Many of today’s diseases and health problems can often be linked to the foods that we eat, and this is often true of diabetes as well.
Diabetes is a lifelong condition where there are high levels of sugar in the blood. Insulin is a hormone that the pancreas produces to control the blood sugar levels, but a person that is diabetic either doesn’t produce enough insulin or their body is resistant to it. This means their body can’t move sugar to the fat, liver, and muscle cells to be used for energy.
The two main types of diabetes are type 1 (individuals who are born with it in their system but may not show signs until later) and type 2 (often the result of unhealthy eating). Sadly, more and more Canadians are being diagnosed with type 2 diabetes, and at increasingly younger ages.
“Diabetes used to be associated with people who are 35 and older, but we are seeing a lot of younger people diagnosed with diabetes,” says Janet Zdichavsky, a registered holistic nutritionist in Toronto. “It’s on the rise.”
Diabetes has affected many Canadian families, including my own — my younger brother was diagnosed with type 2 diabetes this past summer. Although he is nowhere near obese, he does have other unhealthy factors in his lifestyle — he makes poor decisions when it comes to food, barely gets off of his laptop, and is a night owl.
“Drinking water and sleep are crucial,” says Conor Kelly, a personal trainer and owner of Evolution Fitness. “Sleep and exercise are two sides of the same coin.

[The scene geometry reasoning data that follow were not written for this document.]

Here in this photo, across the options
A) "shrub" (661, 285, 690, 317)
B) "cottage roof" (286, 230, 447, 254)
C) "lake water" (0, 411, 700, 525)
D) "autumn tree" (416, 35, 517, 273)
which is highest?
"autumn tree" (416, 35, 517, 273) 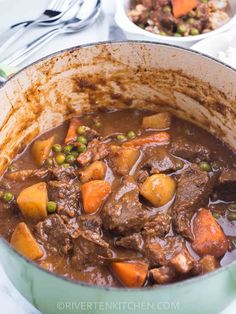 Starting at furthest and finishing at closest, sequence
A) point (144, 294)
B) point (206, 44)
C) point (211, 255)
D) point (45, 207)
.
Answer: point (206, 44), point (45, 207), point (211, 255), point (144, 294)

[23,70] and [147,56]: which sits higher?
[23,70]

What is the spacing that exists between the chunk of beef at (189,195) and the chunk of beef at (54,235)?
1.64 ft

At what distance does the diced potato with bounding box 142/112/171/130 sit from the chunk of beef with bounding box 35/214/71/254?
0.81 m

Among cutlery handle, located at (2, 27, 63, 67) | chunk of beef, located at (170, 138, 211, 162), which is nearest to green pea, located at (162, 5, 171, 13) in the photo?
cutlery handle, located at (2, 27, 63, 67)

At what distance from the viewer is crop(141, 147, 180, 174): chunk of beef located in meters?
2.57

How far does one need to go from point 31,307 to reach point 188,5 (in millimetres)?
2474

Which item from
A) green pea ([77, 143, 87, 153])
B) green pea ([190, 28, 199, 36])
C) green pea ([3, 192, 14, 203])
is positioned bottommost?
green pea ([190, 28, 199, 36])

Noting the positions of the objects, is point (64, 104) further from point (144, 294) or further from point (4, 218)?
point (144, 294)

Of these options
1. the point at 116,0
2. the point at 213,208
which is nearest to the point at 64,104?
the point at 213,208

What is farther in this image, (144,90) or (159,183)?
(144,90)

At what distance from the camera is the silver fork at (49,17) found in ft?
11.6

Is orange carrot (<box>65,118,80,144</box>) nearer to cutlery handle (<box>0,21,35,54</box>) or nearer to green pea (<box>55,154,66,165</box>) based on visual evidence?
green pea (<box>55,154,66,165</box>)

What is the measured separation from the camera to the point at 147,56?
2.70m

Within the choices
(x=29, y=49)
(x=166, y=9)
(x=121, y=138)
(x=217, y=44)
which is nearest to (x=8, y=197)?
(x=121, y=138) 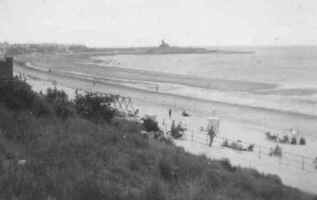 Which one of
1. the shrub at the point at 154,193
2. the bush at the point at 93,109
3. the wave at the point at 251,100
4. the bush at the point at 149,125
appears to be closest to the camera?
the shrub at the point at 154,193

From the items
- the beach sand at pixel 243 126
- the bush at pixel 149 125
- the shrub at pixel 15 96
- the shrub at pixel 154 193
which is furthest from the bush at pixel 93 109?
the shrub at pixel 154 193

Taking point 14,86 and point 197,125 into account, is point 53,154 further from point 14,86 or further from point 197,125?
point 197,125

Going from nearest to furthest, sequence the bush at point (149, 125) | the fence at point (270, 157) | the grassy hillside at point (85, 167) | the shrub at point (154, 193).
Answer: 1. the grassy hillside at point (85, 167)
2. the shrub at point (154, 193)
3. the fence at point (270, 157)
4. the bush at point (149, 125)

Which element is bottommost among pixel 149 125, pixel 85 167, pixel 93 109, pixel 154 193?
pixel 149 125

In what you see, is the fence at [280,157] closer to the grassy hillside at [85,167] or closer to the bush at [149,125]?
the bush at [149,125]

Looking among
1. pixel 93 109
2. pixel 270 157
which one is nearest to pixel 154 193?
pixel 93 109

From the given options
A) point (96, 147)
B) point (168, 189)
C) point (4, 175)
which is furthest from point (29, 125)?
point (168, 189)

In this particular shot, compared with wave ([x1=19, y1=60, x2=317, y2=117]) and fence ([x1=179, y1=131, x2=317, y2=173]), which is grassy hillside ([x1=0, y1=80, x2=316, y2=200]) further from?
wave ([x1=19, y1=60, x2=317, y2=117])

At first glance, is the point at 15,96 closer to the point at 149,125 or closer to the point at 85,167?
the point at 85,167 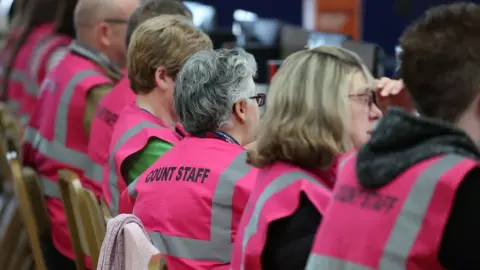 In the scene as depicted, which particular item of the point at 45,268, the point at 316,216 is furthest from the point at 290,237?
the point at 45,268

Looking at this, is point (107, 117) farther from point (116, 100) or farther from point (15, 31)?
point (15, 31)

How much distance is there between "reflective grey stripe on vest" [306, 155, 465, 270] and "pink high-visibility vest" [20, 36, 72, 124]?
3.32 m

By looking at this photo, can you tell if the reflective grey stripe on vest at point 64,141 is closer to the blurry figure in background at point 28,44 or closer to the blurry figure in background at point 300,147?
the blurry figure in background at point 28,44

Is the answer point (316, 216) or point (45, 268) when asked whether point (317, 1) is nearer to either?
point (45, 268)

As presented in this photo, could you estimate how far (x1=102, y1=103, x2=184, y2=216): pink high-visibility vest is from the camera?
9.62ft

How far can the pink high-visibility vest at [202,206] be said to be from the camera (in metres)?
2.41

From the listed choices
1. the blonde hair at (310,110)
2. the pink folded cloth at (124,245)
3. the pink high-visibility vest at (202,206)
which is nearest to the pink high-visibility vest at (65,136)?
the pink high-visibility vest at (202,206)

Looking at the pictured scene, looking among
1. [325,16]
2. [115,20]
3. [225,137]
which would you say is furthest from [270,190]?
[325,16]

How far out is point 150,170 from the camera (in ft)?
8.47

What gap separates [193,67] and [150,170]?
291 mm

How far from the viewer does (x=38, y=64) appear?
533 centimetres

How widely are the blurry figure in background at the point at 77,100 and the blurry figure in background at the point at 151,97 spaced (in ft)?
2.16

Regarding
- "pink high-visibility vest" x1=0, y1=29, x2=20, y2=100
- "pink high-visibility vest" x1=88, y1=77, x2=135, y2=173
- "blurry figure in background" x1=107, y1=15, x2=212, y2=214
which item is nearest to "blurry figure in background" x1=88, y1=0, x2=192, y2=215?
"pink high-visibility vest" x1=88, y1=77, x2=135, y2=173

It’s important for a diabetic to exercise; it’s great for stabilizing blood sugar levels.”
There is a misconception that it is harder for a diabetic to lose weight, but they are able to with exercise and a healthy diet. “It’s more of a question of using that awareness, asking how they are feeling, making sure they aren’t showing any symptoms,” says Kelly about fitness training for diabetics. “There’s no reason they can’t do the same workout. You just have to keep something on hand like a juice box to bring their [sugar] level back [if it drops].”
Being diabetic does require extra awareness when exercising, including taking measures to ensure that your blood sugar levels are maintained.

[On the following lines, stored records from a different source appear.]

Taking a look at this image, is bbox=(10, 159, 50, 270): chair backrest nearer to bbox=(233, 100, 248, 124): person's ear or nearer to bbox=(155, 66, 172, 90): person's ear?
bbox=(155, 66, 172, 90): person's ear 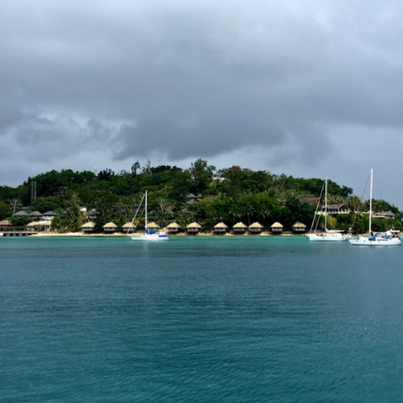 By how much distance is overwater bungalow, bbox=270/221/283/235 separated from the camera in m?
100

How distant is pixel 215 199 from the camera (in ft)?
351

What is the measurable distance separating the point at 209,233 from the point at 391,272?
227ft

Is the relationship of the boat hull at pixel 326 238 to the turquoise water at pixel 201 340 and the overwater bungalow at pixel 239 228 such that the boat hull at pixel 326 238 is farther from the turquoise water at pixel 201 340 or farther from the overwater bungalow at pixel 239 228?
the turquoise water at pixel 201 340

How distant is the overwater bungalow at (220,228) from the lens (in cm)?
10312

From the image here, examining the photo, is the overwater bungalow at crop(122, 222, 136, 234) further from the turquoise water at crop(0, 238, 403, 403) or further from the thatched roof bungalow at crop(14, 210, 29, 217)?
the turquoise water at crop(0, 238, 403, 403)

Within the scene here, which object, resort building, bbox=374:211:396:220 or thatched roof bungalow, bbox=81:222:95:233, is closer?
thatched roof bungalow, bbox=81:222:95:233

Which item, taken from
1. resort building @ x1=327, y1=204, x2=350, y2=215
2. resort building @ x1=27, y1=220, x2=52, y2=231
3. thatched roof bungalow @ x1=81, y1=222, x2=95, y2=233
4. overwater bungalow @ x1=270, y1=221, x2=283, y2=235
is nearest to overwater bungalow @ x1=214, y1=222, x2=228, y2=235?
overwater bungalow @ x1=270, y1=221, x2=283, y2=235

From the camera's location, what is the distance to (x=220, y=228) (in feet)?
341

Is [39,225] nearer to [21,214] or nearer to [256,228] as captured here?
[21,214]

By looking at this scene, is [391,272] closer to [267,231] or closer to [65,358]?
[65,358]

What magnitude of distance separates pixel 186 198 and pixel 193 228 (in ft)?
57.3

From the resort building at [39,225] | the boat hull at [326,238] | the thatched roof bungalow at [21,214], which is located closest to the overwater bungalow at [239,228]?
the boat hull at [326,238]

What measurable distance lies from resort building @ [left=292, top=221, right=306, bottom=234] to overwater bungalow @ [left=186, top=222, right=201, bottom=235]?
792 inches

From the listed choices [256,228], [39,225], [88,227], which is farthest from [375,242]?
[39,225]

“Make sure you eat a balanced diet, lower [your consumption of] processed foods, maintain your blood sugar levels, eat small meals every two to three hours and make sure you have a balance of healthy fat and protein,” says Adele Tevlin, a weight-loss coordinator at MedCan Clinic.
Zdichavsky also suggests joining a gym and working with the staff, to help with weight loss. “They develop a program for you that suits your needs.”
Exercise plays a huge role in maintaining health and wellness, but it is not the only factor to consider. “Eighty percent of weight loss is nutrition — as long as they have a balanced diet, they will do fine,” says Tevlin.
When it comes to choosing what foods to eat, it’s important to consult the glycemic index to know exactly how much sugar foods have. Diabetics have to stay away from the ones that contain more sugar, like processed white foods.
“The body uses insulin because it does not produce enough [of it], we are using the wrong type of glucose for energy,” says Zdichavsky. “You want foods that are in the lower glycemic index like apples, peaches, corn, brown rice, and berries.”
What diabetics can remember is that they are not in this alone. There are approximately nine million Canadians that have been diagnosed with diabetes, according to the Canadian Diabetes Association.
“The real key is to make sure you have support,” says Kelly. “Social support is important for diabetics because they need it to make their changes permanent.”
One of the things that me and my family constantly remind others of is that my brother is no different from who he was last year, before his diagnosis. Yes, he has to be a little more aware of some things — but if we were to antagonize him every second of every day, he could become unmotivated to make any of the lifestyle changes that will help him stay healthy.
“Social support is important, and to not assume that you are limited because of your condition. Don’t use it as an excuse not to try, don’t let that thought be the limiting factor,” says Kelly.